▶ Data provided
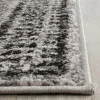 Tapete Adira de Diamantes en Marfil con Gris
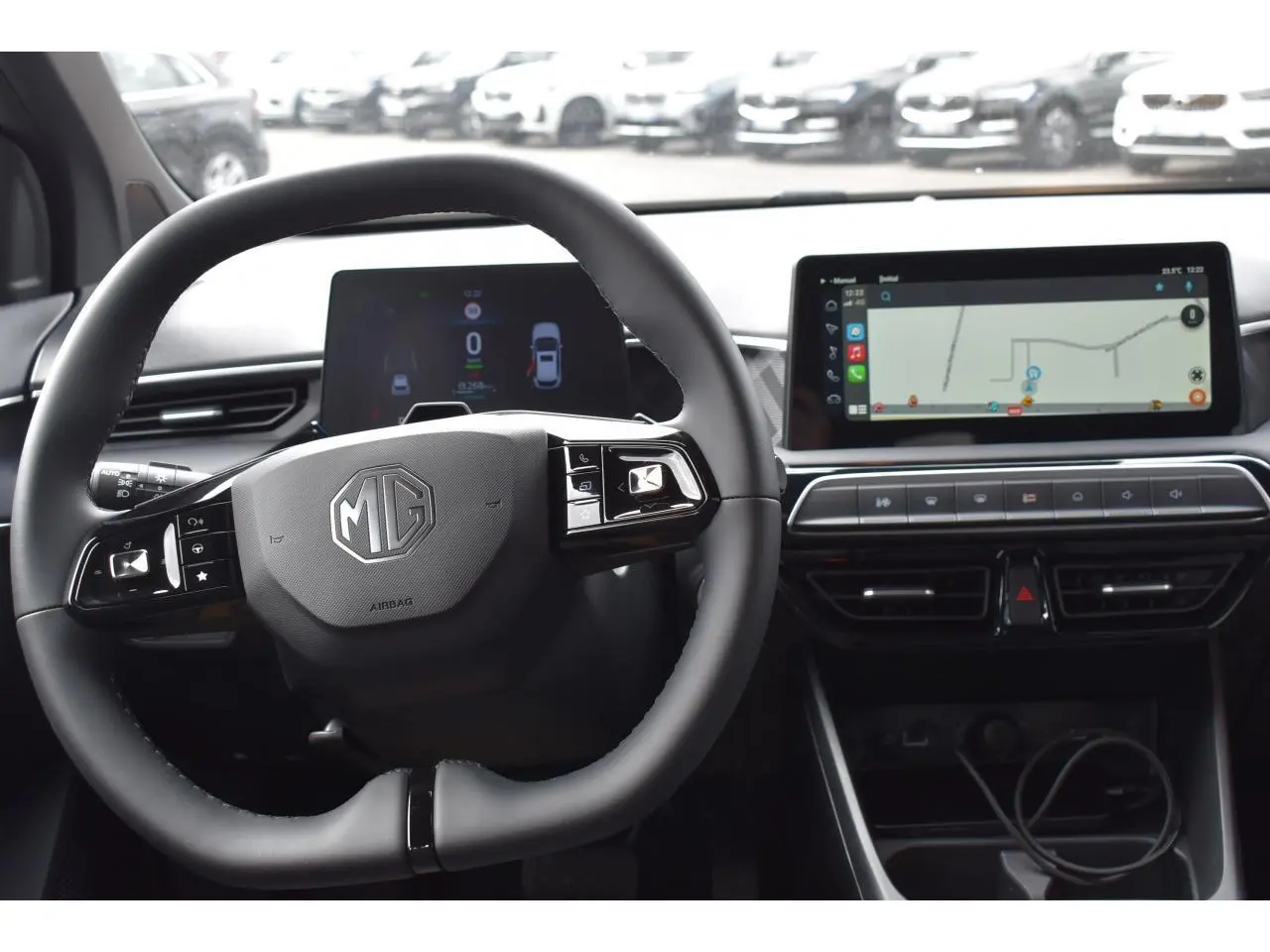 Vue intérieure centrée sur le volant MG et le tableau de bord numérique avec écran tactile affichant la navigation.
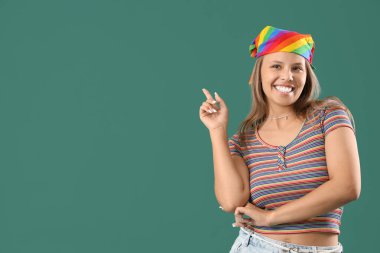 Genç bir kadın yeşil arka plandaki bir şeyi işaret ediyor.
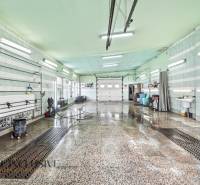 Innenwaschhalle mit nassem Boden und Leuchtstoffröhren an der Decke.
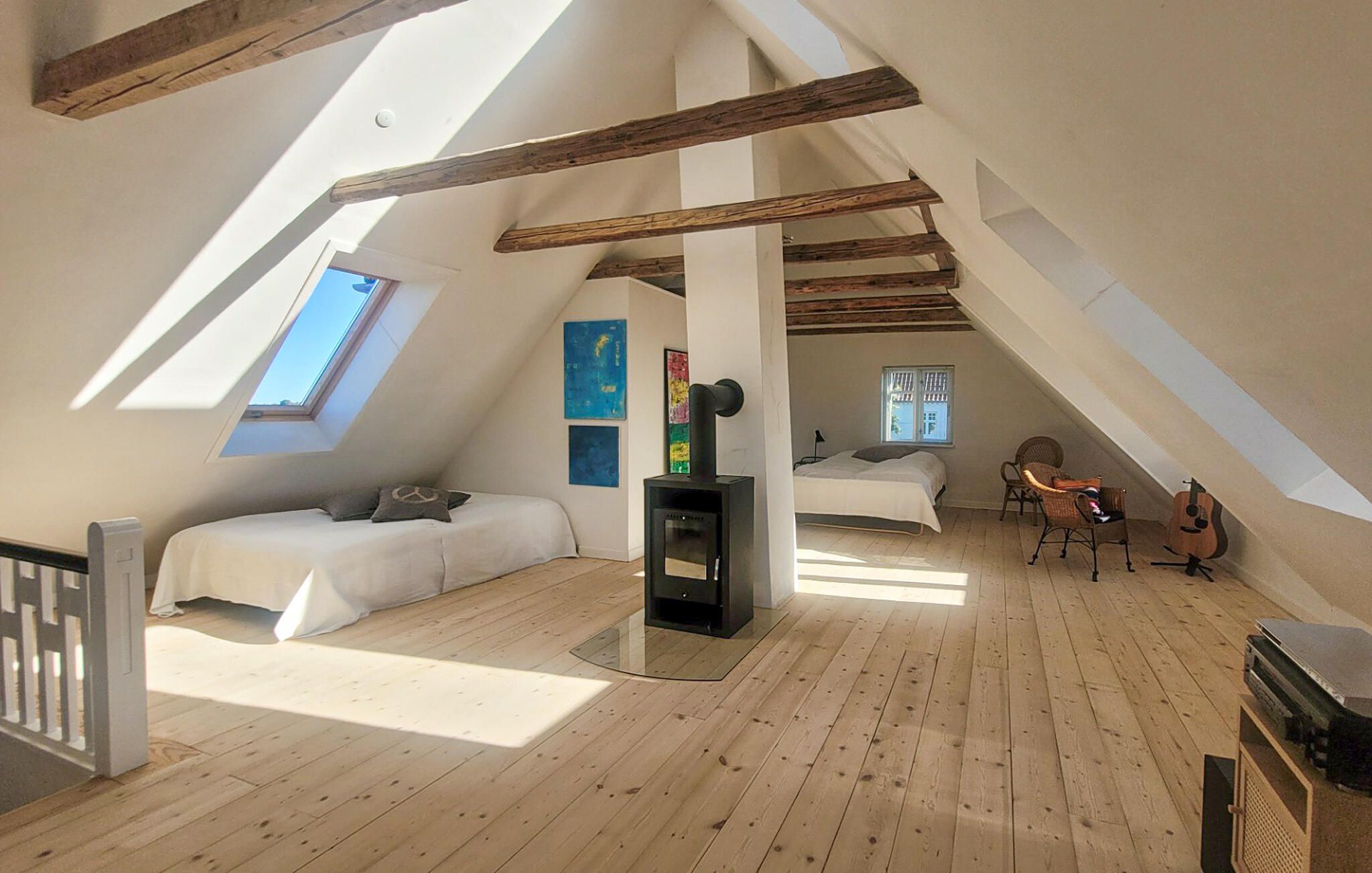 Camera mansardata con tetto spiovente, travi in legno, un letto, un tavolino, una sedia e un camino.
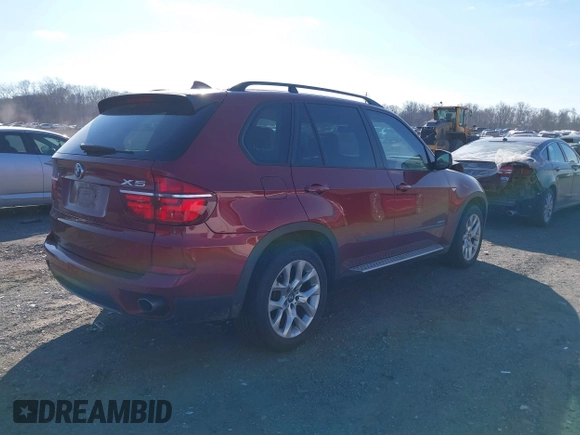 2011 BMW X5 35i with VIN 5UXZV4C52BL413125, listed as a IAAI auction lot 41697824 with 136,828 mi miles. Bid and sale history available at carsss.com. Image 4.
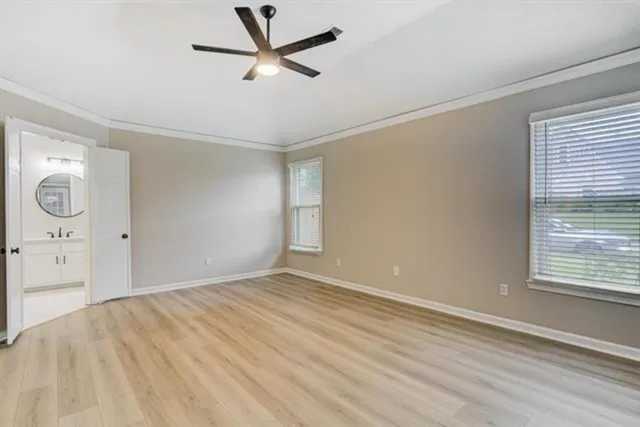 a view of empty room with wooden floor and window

▶ What the exercise asks
Please write out all the data again word for word, but not the pictures.

▶ Written solution
 Tapete Adira de Diamantes en Marfil con Gris
 Vue intérieure centrée sur le volant MG et le tableau de bord numérique avec écran tactile affichant la navigation.
 Genç bir kadın yeşil arka plandaki bir şeyi işaret ediyor.
 Innenwaschhalle mit nassem Boden und Leuchtstoffröhren an der Decke.
 Camera mansardata con tetto spiovente, travi in legno, un letto, un tavolino, una sedia e un camino.
 2011 BMW X5 35i with VIN 5UXZV4C52BL413125, listed as a IAAI auction lot 41697824 with 136,828 mi miles. Bid and sale history available at carsss.com. Image 4.
 a view of empty room with wooden floor and window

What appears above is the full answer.